■ DATA RECORDS:
»»

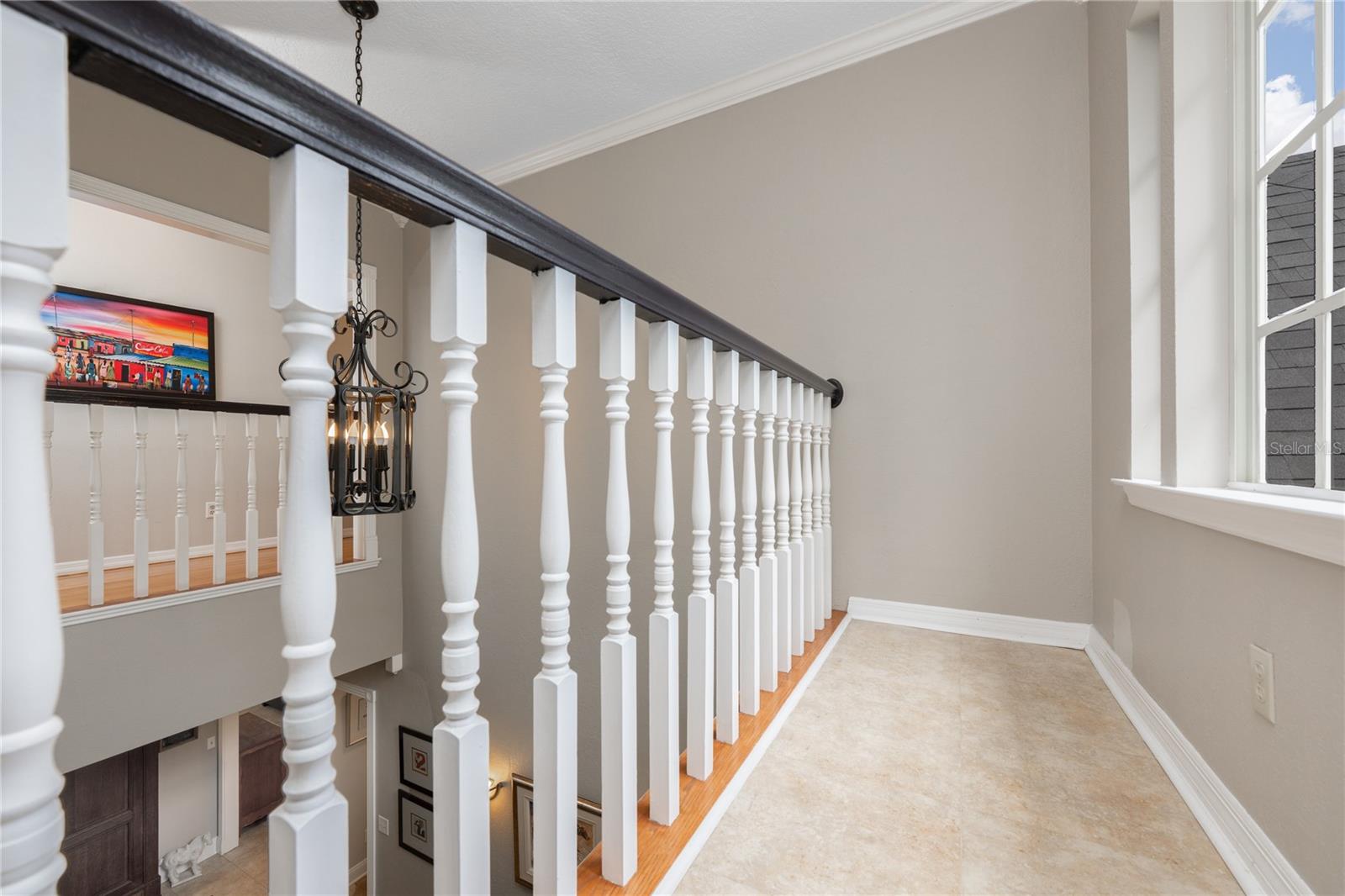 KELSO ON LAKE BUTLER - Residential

««
»»

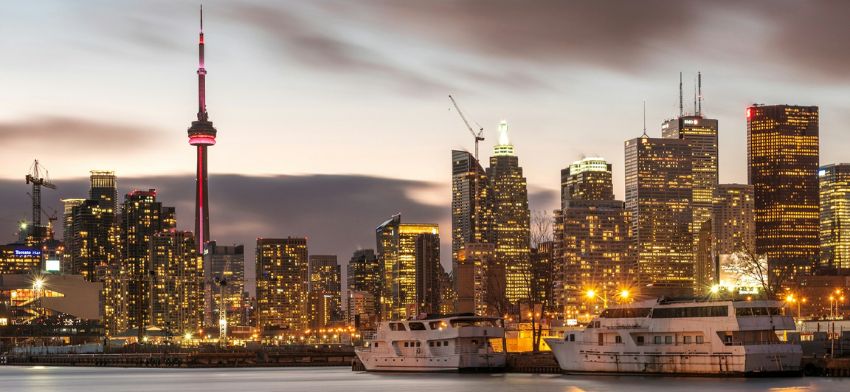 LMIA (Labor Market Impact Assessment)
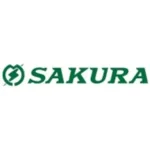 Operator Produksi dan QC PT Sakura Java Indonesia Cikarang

««

Copy only what lies between the line with "LMIA (Labor Market Impact Assessment)" and the line with "Operator Produksi dan", those two lines included, exactly as given above; pictures stay out.

■ ANSWER TO THIS PROBLEM:
 LMIA (Labor Market Impact Assessment)
 Operator Produksi dan QC PT Sakura Java Indonesia Cikarang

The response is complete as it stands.